WebmasterWorld Senior Member 10+ Year Member



You should put the redirect in the top-level .htaccess file, and place it before the internal rewrite.

If you do not do this, then the internal rewrite will occur first, and then, if the newly-rewritten path matches the internal rewrite rule in the lower-level directory, the resulting external redirect will expose your internal filepath as a URL to the client. This will likely make a mess of your search engine listings.

An alternative is to set "RewriteOptions none" in the lower-level directory's .htaccess file. But you will then have to reproduce all rules from the top-level .htaccess file in this lower-level .htaccess file that you want to apply to this lower-level directory, because it will no longer 'inherit' those top-level rules (See RewriteOptions Inherit in the Apache mod_rewrite documentation).

As most sites have dozens (possibly hundreds) of rules which should be applied to all requests (e.g access-control and canonicalization rules), this could result in a huge maintenance nightmare...

When viewed overall, all external redirects must come first, ordered from most-specific to least-specific, followed by all internal rewrites, again ordered from most-specific to least-specific. This prevents unexpected operation, "chained" multiple redirects, and exposure of your internal filepaths as URLs.

Jim

omoutop

7:22 am on Feb 5, 2010 (gmt 0)

WebmasterWorld Senior Member 10+ Year Member Top Contributors Of The Month



You should put the redirect in the top-level .htaccess file, and place it before the internal rewrite.

Won't this affect performance? We are talking about 1000 rules to be added that way.
Thats why i wanted to split the rules in seperate folders - with each individual htaccess to have 10-15 rules.

If there are no performance issues, then yes... all rules in one file is easier to maintain/control

jdMorgan

3:43 pm on Feb 5, 2010 (gmt 0)

WebmasterWorld Senior Member 10+ Year Member



Of course there is a performance effect. You may be able to optimize things, depending on common attributes of the URLs to be redirected. But here, the choice is between three bad options:
  1. Put the redirects in subfolders, where they will either expose internally-rewritten filepaths as URLs due to execution order, or require that you disable 'RewriteOptions Inherit' and reproduce, modify, and maintain an additional copy of all rules in the main .htaccess file which might apply to this subdirectory.
  2. Suffer a moderate to slight performance reduction by putting the rules in the main .htaccess file, depending on your rule optimization efforts and their effectiveness.
  3. Give up the idea of redirecting these URLs, and keep this situation in mind the next time you're considering changing any URLs. URLs should never change, and URLs do not have to change just because the filenames change. If, over time, more than 1% of your URLs have ever changed, then that's too many.
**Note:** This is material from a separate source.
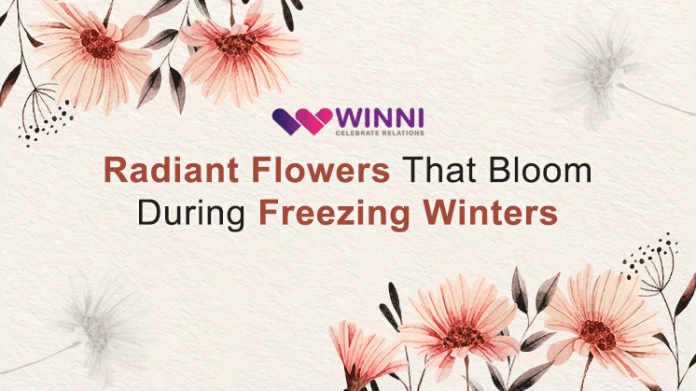 Radiant Flowers That Bloom During Freezing Winters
As an example of "optimization," consider the following two alternative code snippets:

# 100 brute-force redirects
RewriteRule ^folder3/some-page1\.htm$ http://www.example.com/folder3/some-other-page-1.htm [R=301,L]
RewriteRule ^folder3/some-page2\.htm$ http://www.example.com/folder3/some-other-page-2.htm [R=301,L]
...
RewriteRule ^folder3/some-page99\.htm$ http://www.example.com/folder3/some-other-page-99.htm [R=301,L]
RewriteRule ^folder3/some-page100\.htm$ http://www.example.com/folder3/some-other-page-100.htm [R=301,L]

In this case, 100 rules are processed for every request to the server.


# Skip 100 brute-force redirects unless 'folder3' requested
RewriteRule !^folder3/ - [S=100]
#
# 100 brute-force redirects
RewriteRule ^folder3/some-page1\.htm$ http://www.example.com/folder3/some-other-page-1.htm [R=301,L]
RewriteRule ^folder3/some-page2\.htm$ http://www.example.com/folder3/some-other-page-2.htm [R=301,L]
...
RewriteRule ^folder3/some-page99\.htm$ http://www.example.com/folder3/some-other-page-99.htm [R=301,L]
RewriteRule ^folder3/some-page100\.htm$ http://www.example.com/folder3/some-other-page-100.htm [R=301,L]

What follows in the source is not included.